/SMM

Smooth Min-Max Monotonic Networks

Primary LanguagePythonMIT LicenseMIT

Smooth Min-Max Monotonic Networks

Monotonicity constraints are powerful regularizers in statistical modelling. They can support fairness in computer-aided decision making and increase plausibility in data-driven scientific models. The seminal min-max (MM, Still, 1997) neural network architecture ensures monotonicity, but often gets stuck in undesired local optima during training because of partial derivatives being zero when computing extrema. A simple modification of the MM network using strictly-increasing smooth minimum and maximum functions that alleviates this problem. The resulting smooth min-max (SMM, Igel, 2024) network module inherits the asymptotic approximation properties from the MM architecture. It can be used within larger deep learning systems trained end-to-end. The SMM module is conceptually simple and computationally less demanding than state-of-the-art neural networks for monotonic modelling. Experiments show that this does not come with a loss in generalization performance compared to alternative neural and non-neural approaches. figure of min-max architecture

Code

The directory ICML2014 Supplement contains the PyTorch code for reproducing the experiments presented in the ICML 2024 paper introducing SMM networks [Igel, 2024]. The code is not very clean (e.g., containing several slightly different ways to implement the SMM).
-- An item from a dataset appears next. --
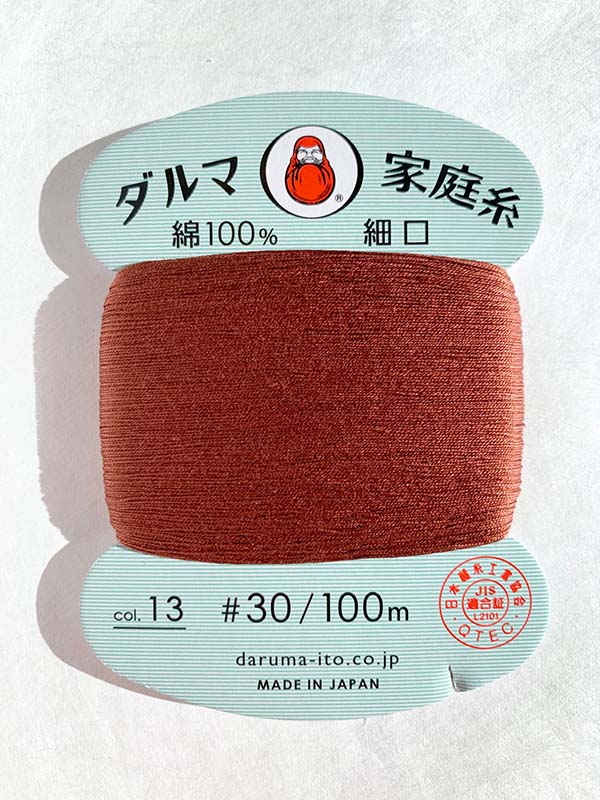 Daruma Home Sewing Thread - 30wt Hand Sewing Thread - # 13 Tea Brown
A little bit cleaner (but not very efficient) are the implementations in:

  • SmoothMonotonicNN.py: Implementation of SMM module, restricted to non-decreasing constraints and scalar output
  • SMM_MLP.py: Very simple example of how the SMM module can be combined with other layers

Paper

You can read about the approch here:

Christian Igel. Smooth Min-Max Monotonic Networks. International Conference on Machine Learning, 2024

Christian Igel. Smooth Min-Max Monotonic Networks. arXiv:2306.01147v3 [cs.LG], 2024

Example

Toy example using SmoothMonotonicNN.py:

# Set the stage
import numpy as np
import torch 
import matplotlib.pyplot as plt
from SmoothMonotonicNN import SmoothMonotonicNN

# Toy example: Sigmoid with additive Gaussian noise
N = 20  # number of data points
x = np.linspace(-5, 5, N)
y = 1. / (np.exp(-x) + 1.) + np.random.normal(0, 0.1, N)

# Create model
mask = np.array([1])  # monotonic in the first (and only) argument
K = 6  # neurons per group
model = SmoothMonotonicNN(1, K, K, mask)  # define SMM

# Optimize model
optimizer = torch.optim.Rprop(model.parameters(), lr=0.01, etas=(0.5, 1.2), step_sizes=(1e-06, 50))
loss_function = torch.nn.MSELoss()

x_tensor = torch.from_numpy(x.reshape(N,-1).astype(np.float32))
y_tensor = torch.from_numpy(y.astype(np.float32))

max_iterations = 200  # Numper of epochs
for epoch in range(max_iterations):
    y_hat = model(x_tensor)
    loss = loss_function(y_hat, y_tensor)
    loss.backward()
    optimizer.step()
    model.zero_grad()

# Evaluate on training set
y_hat = model(x_tensor).detach().numpy()

# Visualize result
plt.plot(x, y, 'o', label = "data")
plt.plot(x, y_hat, label = "SMM")
plt.grid()
plt.xlabel("x")
plt.ylabel("y");